Analysts’ Concerns
Most gambling forms are banned in Thailand, but illegal operations are rife. Domestic gamblers were considered a significant attraction for foreign investors, and the strict entry barriers could influence their interest. The draft could morph Thai casinos into foreigner-only regimes.
Singaporean gaming consultant Daniel Cheng stated that the restrictive requirements could limit the local population, making the market less attractive to regional and international casino operators. He noted, “A further 50 million baht bank deposit requirement would render Thai casinos no better than foreigner-only regimes like South Korea’s.”
Local Skepticism
Most of the Thai public remains hesitant to embrace the proposed casino regulations. Most concerns revolve around the potential rise of gambling addiction and household debt. A recent study by the National Institute of Development Administration (NIDA) revealed that most locals oppose casino legalization, highlighting a conflicting stance with PM Shinawatra’s administration.

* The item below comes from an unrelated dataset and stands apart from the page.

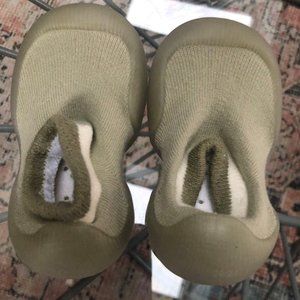 Yoki - Non-Slip Baby Shoe-socks: Olive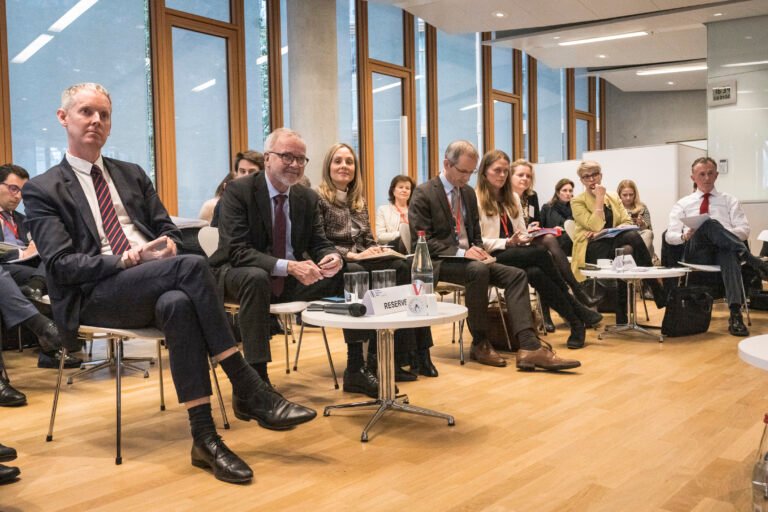 reunion de junta directiva en asociacion civil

Meeting the Region’s Competitive Benchmark
Thailand seeks to compete with other leading gambling destinations in the region, such as Singapore, which has caught the eye of industry titans like Las Vegas Sands Corp. However, the new legislation would carve out a unique niche that could benefit or negatively impact the plans.
The proposed exclusivity could add to the venues’ appeal as global luxury destinations, but it risks excluding most of the local consumer market. In a country where per capita gross domestic product (GDP) is about US$7,300, according to government reports, the casino entry demands effectively prohibit swathes of the population from casino access.